By JOHN BURNETT
Tribune-Herald staff writer
A Kona grand jury has indicted a former employee of a Kona coffee grower for allegedly stealing cash from the company that employed him.
The nine-count indictment dated June 18 charges 40-year-old John Jason Walaskay with two counts each of first-degree theft and use of a computer in the commission of a separate crime and five counts of second-degree theft. The document states that Walaskay stole money from Kona’s Best Natural Coffee LLC on seven occasions between March 1, 2009, and April 30, 2010.
“I can tell you it’s in excess of $120,000,” said police Lt. Gerald Wike of the Kona Criminal Investigations Section when asked Thursday how much money Walaskay is alleged to have stolen. Joseph Fagundes III, a Kona attorney who represents the coffee company, on Friday called that figure “a conservative estimate.” Fagundes said that Walaskay was an accountant and comptroller for Kona’s Best Natural Coffee.
“What was discovered while he was working there, is that there are inconsistencies in the records of the accountings between what was checked in the QuickBooks and what was coming back as cancelled checks,” Fagundes said. “So in essence, what was being shown in the records was payments being made to certain creditors and vendors when, in fact, the actual checks were being made out to Mr. Walaskay.”
First-degree theft, which is theft of $20,000 or more, is a Class B felony punishable by up to 10 years imprisonment. Second-degree theft, which is theft of $300 or more, is a Class C felony punishable by up to five years in prison. Use of a computer in the commission of a separate crime is “an offense or grade, as the case may be, greater than the offense facilitated.” If convicted on all counts and sentenced to consecutive terms, Walaskay could face up to 75 years in prison.
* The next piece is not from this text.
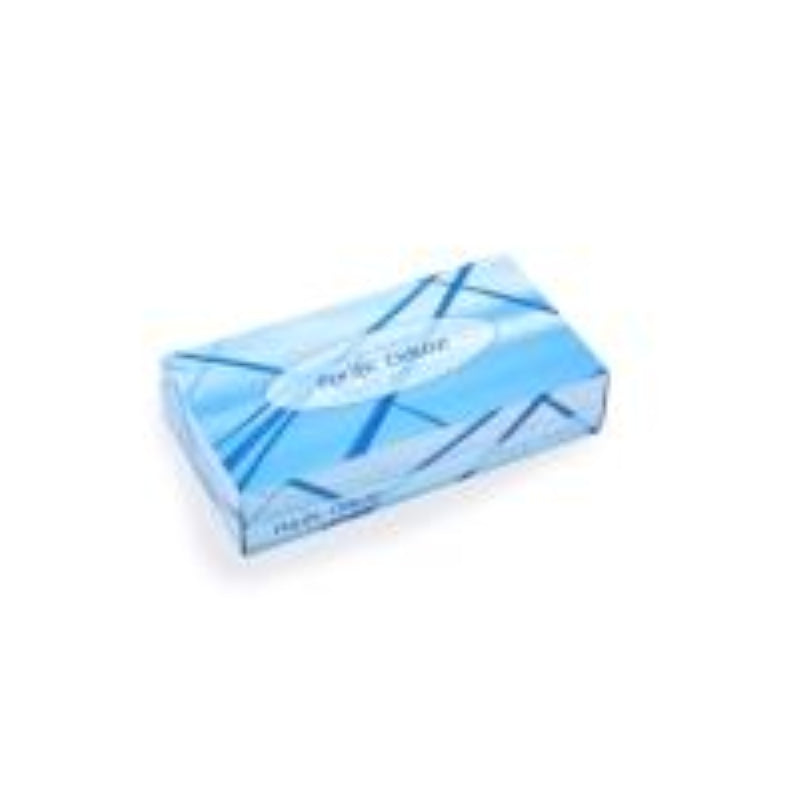 Ultra-soft Pacific Deluxe 2-Ply facial tissues in a 100-sheet pack, perfect for gentle use and everyday comfort.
The 40-year-old Walaskay was living in Waimea when police started investigating the case in 2010, Wike said. Fagundes said that Walaskay is no longer on the island.
“Actually, he has been located,” Fagundes said. “He’s been under surveillance by federal authorities for some time now ….”
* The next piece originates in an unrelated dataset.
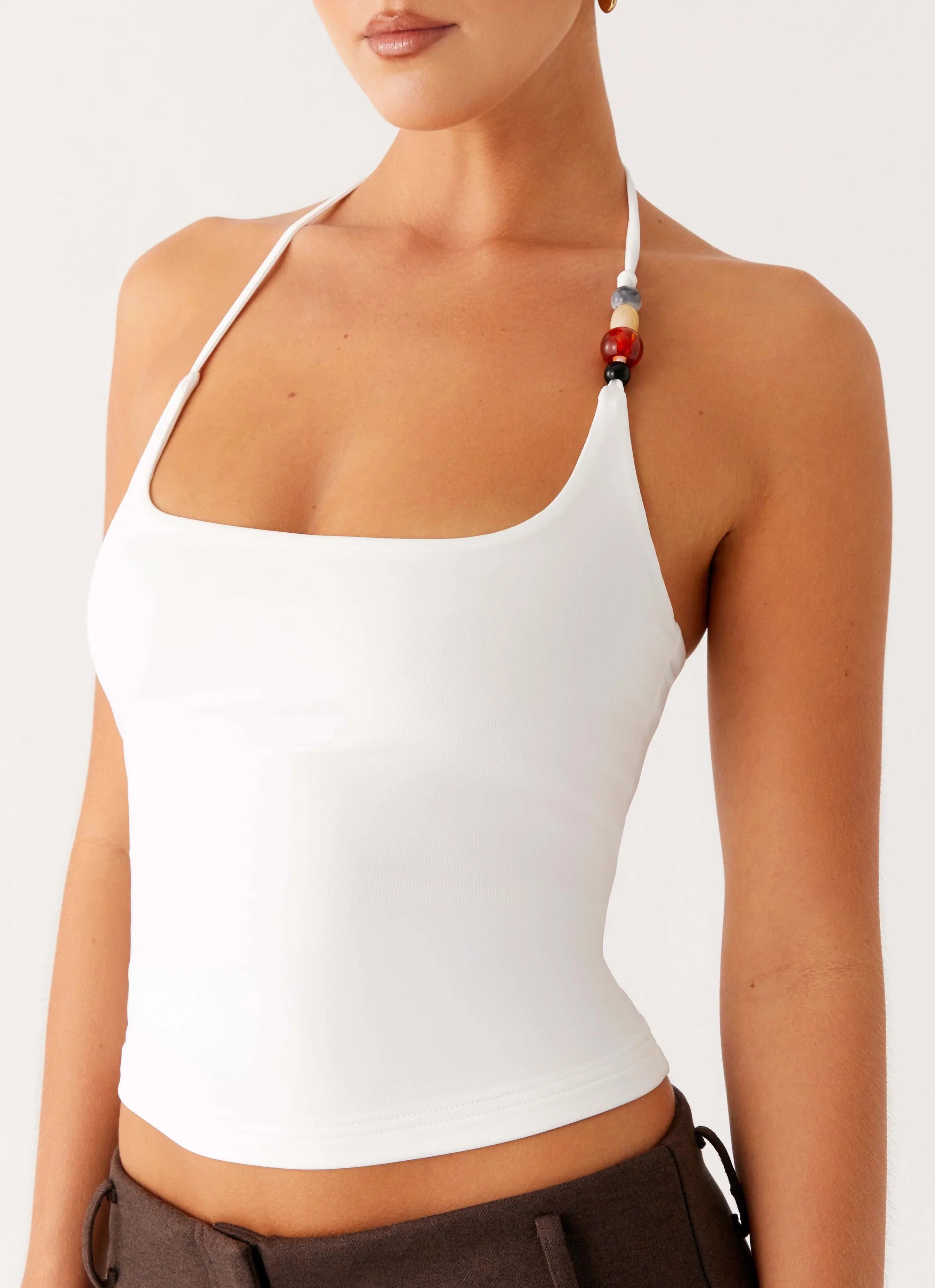 Palm Beach Top Ivory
Deputy Prosecutor Kimberly Taniyama said Friday that she didn’t know Walaskay’s whereabouts, but said that the state intends to extradite Walaskay for court proceedings “if we can find him.”
A search of court records turned up no previous criminal convictions for Walaskay in Hawaii.
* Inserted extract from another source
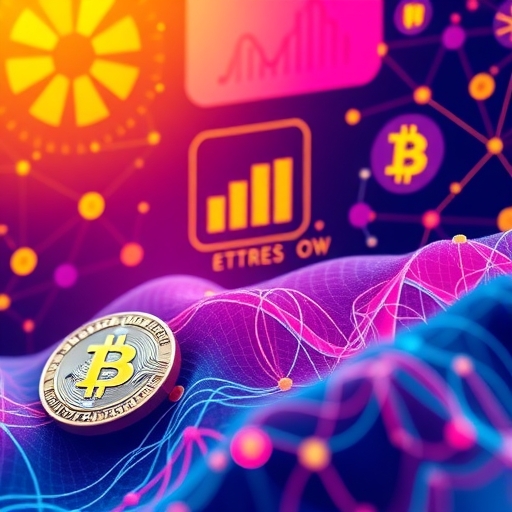 彩色的加密貨幣圖形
A bench warrant set Walaskay’s bail at $100,000 and stipulated that Walaskay was not to make contact with the victims in the case, Brent Hight and Cathy Kleger of Koa Coffee Plantation and Fagundes. The state Department of Commerce and Consumer Affairs website lists Hight as the agent for Kona’s Best Natural Coffee LLC, and the Hawaii Coffee Association website also lists Hight as the organization’s treasurer.